Sexto mandamiento, el miedo como rector de la vida. Ese miedo que nos convierte en animales irracionales e insolidarios, capaces de oír un ruido en el sótano e ir a ver qué pasa en lugar de salir corriendo. O darse una ducha con un asesino suelto. Imprescindibles referencias cinematográficas que abren la puerta al libre albedrío.

Séptimo mandamiento, no dudarás. El sistema autoritario no se sostiene cuando se piensa. Y se da lugar a inventos como el brasero, que con una resistencia no calienta y con dos se pasa de caliente. El cambio climático como parábola de lo pernicioso del la toma de decisiones incorrectas.

La aniquilación

El botón nuclear como fin de la raza humana, a ritmo de 'We will rock you' de Queen, interrumpido por la voz metálica de Siri, el asistente cibernético que hace a la divinidad reconsiderar su actitud. Una crítica directísima a una sociedad que ha sustituido a un ser superior que no ve por una nube a la que tampoco puede echar muchas cuentas. Y un aleluya final a la imperfección humana, una invitación al 'carpe diem', al inconformismo, una oda a la creación de la Nocilla de dos sabores. Y a la democracia, donde ganar es lo fácil y asumir la derrota lo difícil.

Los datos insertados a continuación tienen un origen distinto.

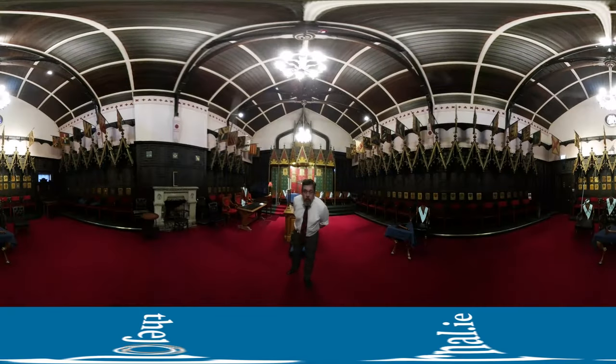Welcome to the fourth and final room here at Freemasons Hall. This room was opened in 1874, marking the completion of the building. It is used by a body known as the Princes Rose Croix, who were formed in the late 1700s and were tagged on to Freemasonry as an appendant body.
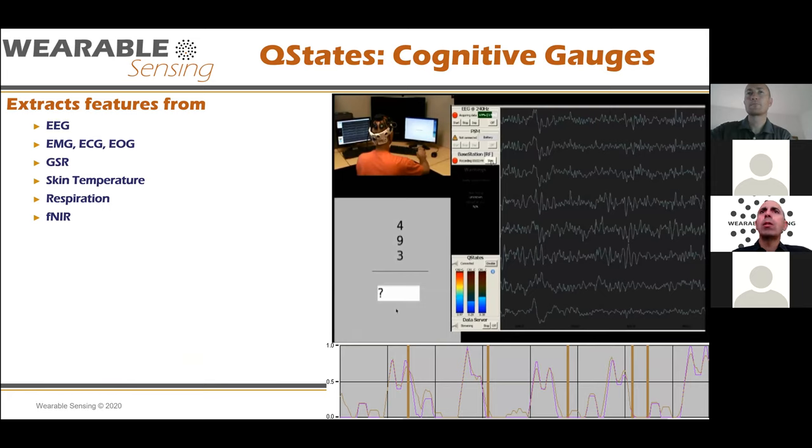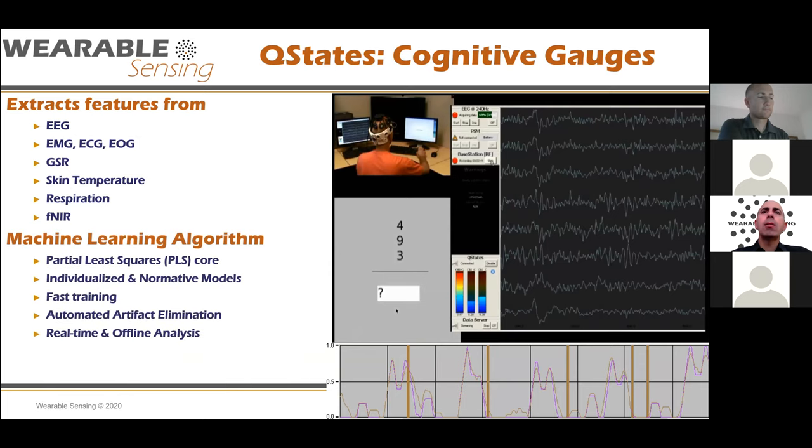One piece of software relevant to today's conversation is what we call Q-States — our cognitive gauge. Q-States will extract features from EEG data as well as EMG, ECG, EOG, galvanic skin response, skin temperature, respiration, and fNIR data. It has a machine learning algorithm that you train for either an individual model or normative models. It trains very quickly with very little data, does artifact elimination such as blink artifact removal and EMG artifact removal, and then gives you classification in real time.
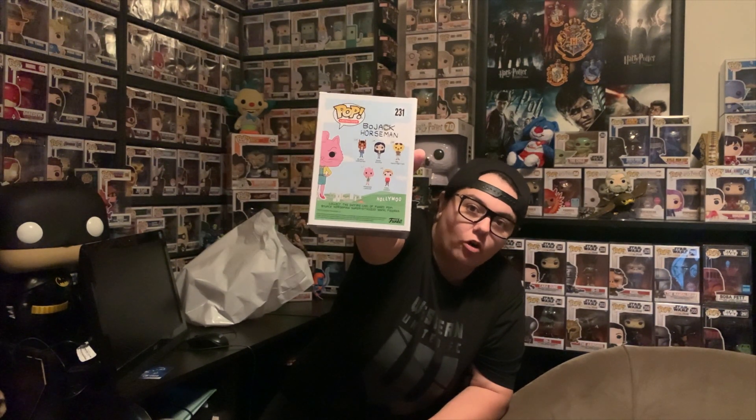I was lucky to pick up this Princess Caroline for a really good deal. This line is one that I really wanted to get my hands on. I was a bit late to the party, so now a couple of them cost a fair bit. As you can see, Bojack, Diane, Mr. Peanutbutter, and Todd are the ones I still need to get. Bojack goes for a lot of money, so we'll see how we go with that one. But for now, great character — stoked to have it. Go Figure sent it nice and well packaged.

Un invento curioso, este 'El buen dictador'. Ponderado, más maduro, medido, con un Manu Sánchez que completa la trilogía iniciada con 'El rey solo' y continuada con 'El último santo'. Humor sin etiquetas, con un ADN donde se apela al cerebro tanto o más que a las vísceras. La evolución lógica de aquel a quien la vida y su propio arte han colocado, con poco más de treinta años, ante la difícil decisión diaria de llevar adelante una empresa creada a partir del ingenio. Hacerlo sin ser dictador, ni bueno ni malo, es su gran mérito, al margen de su indiscutible capacidad para divertir, como hizo anoche en Granada.